1. A system for generating a graphical dataset, the system comprising:

a graph structure generation module to generate a graph structure using one or more components and layout in a semi-randomized manner;

a mask generation module to mask one or more features in the graph structure;

a diffusion module configured to use a diffusion technique to generate a realistic image of the one or more components and layout of the graph structure; and

a merge layer module to merge a plurality of the realistic image of the one or more components and layout of the graph structure to generate a final graph image.

2. The system of claim 1 further comprising a metadata generation module that creates a ground truth file containing a metadata information of the graph structure.

3. The system of claim 2, wherein the metadata information is saved in a json file for information on position, text content and numeric data, and in SVG files for contour information, and in PNG file for image mask information.

4. The system of claim 1 further comprising an augmentation module that applies one or more variations in the final graph image.

5. The system of claim 4, wherein the one or more variations include scaling, warping or contrast variation in the final graph image.

6. The system of claim 1, wherein the one or more components and layout of the graph structure includes type of graph, lines, point, axis, tick-mark, keys, text, bars information inside each of the graph structure.

7. The system of claim 1, wherein the mask generation module protects a text label information of the graph structure by masking the text label information.

8. The system of claim 1, wherein the one or more components and layer of the graph structure is selected from a pre-trained graphical dataset.

9. The system of claim 1, wherein the system uses a pre-defined constraints on parameter ranges or values of the one or more components and layer.
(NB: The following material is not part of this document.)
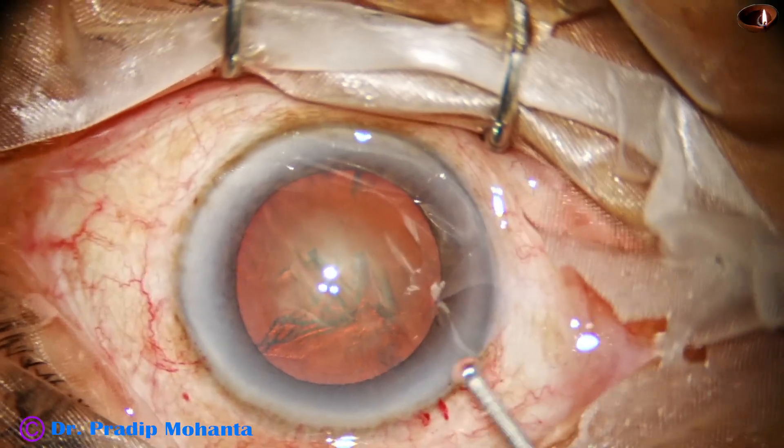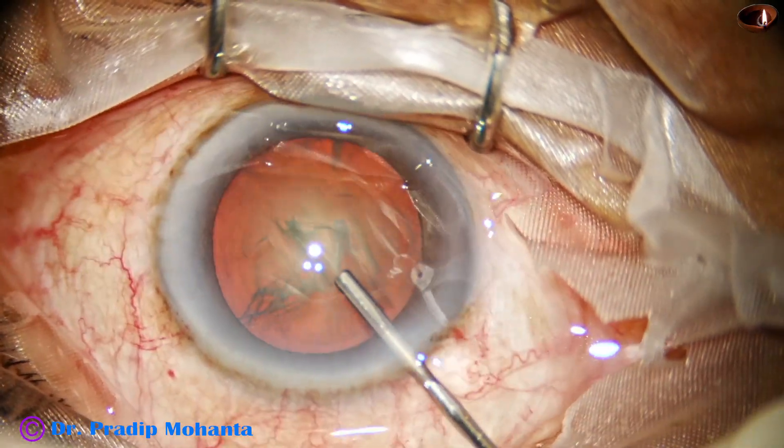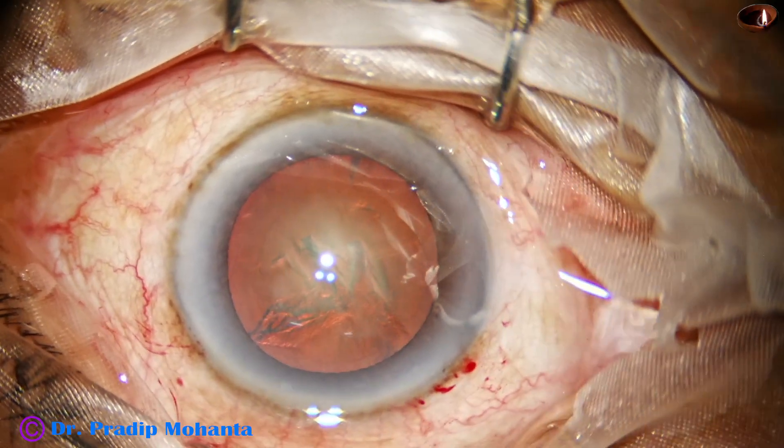If you would just lift off the anterior wall of the main wound, the chamber remains stable.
10. A method for generating a graphical dataset, the method comprising:

identifying one or more parameters of a graph structure and identifying constraints for one or more component and layer of the graph structure in a semi-randomized manner;

providing a mask on the one or more components and layer of the graph structure to prevent overlapping of one or more features of the one or more components and layer;

generating a scalable vector graphic file for the one or more components and layer of the graph structure;

applying a diffusion technique to generate a realistic image of the one or more component and layer of the graph structure; and

merging a plurality of realistic image of the one or more component and layers of the graph structure to generate a final graph image.
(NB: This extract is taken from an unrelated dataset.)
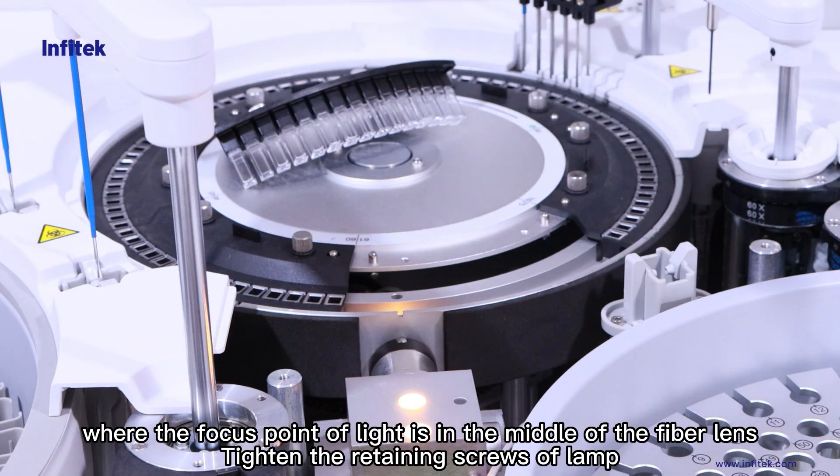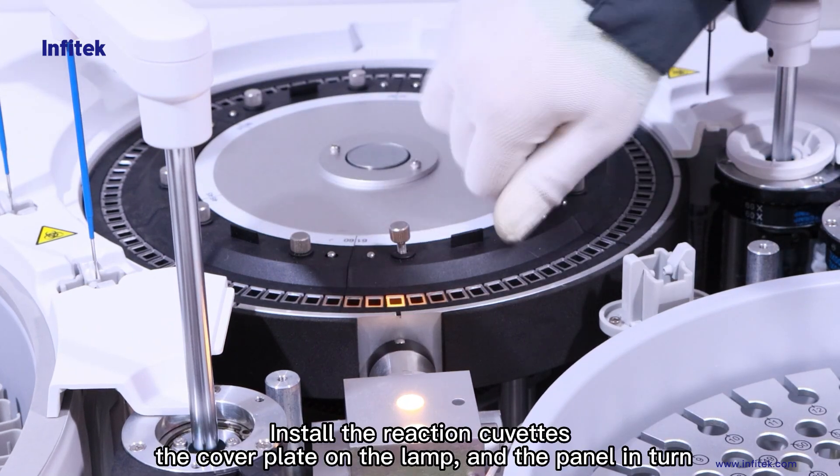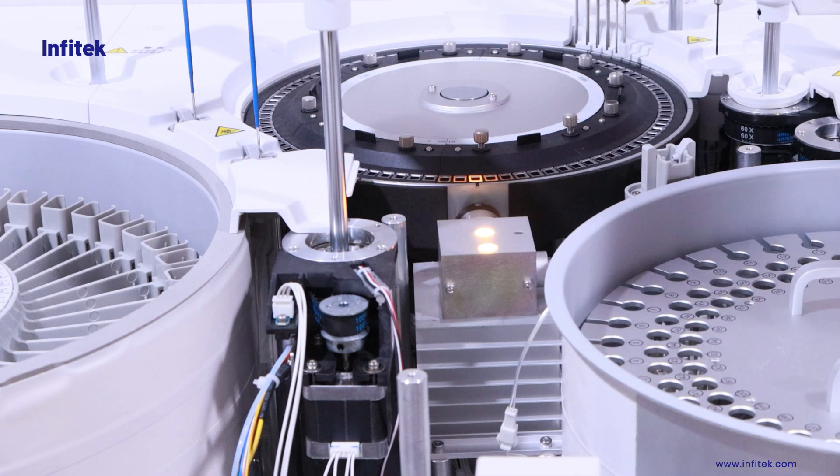Tighten the retaining screws of the lamp. Install the reaction cuvettes, the cover plate on the lamp, and the panel in turn.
11. The method of claim 10 further comprising: generating a masked scalable vector graphic file from the scalable vector graphic file to extract a metadata information.

12. The method of claim 11, wherein the metadata information of the one or more component and layer of the graph structure is stored in a ground truth file.
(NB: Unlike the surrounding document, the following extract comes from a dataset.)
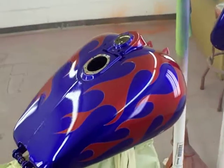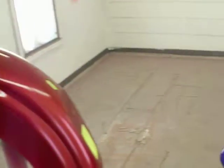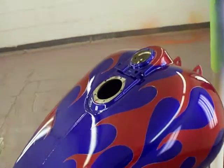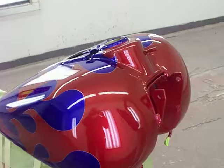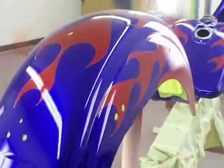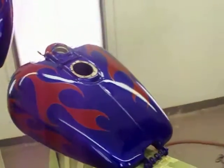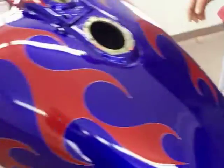Here we go. It's like dancing with Mary Jane. A few more times. Tell you what, I like that red. Get you a couple of good pictures right here where you'll be thinking how you need to start them other flames off. Especially the tank.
13. The method of claim 11, wherein the metadata information comprise one or more ground truth information that includes but is not limited to position, text content, numeric data.

14. The method of claim 11, wherein the metadata information comprises contour information of the graph structure.

15. The method of claim 10 further comprising: applying one or more variation in the final graph image, the one or more variation includes but is not limited to scaling, warping or contrast variation.

16. The method of claim 10, wherein the one or more components and layout of the graph structure includes type of graph, lines, point, axis, tick-mark, keys, text, bars information inside each of the graph structure.

17. The method of claim 10, wherein the one or more components and layer of the graph structure is selected from a pre-trained graphical dataset.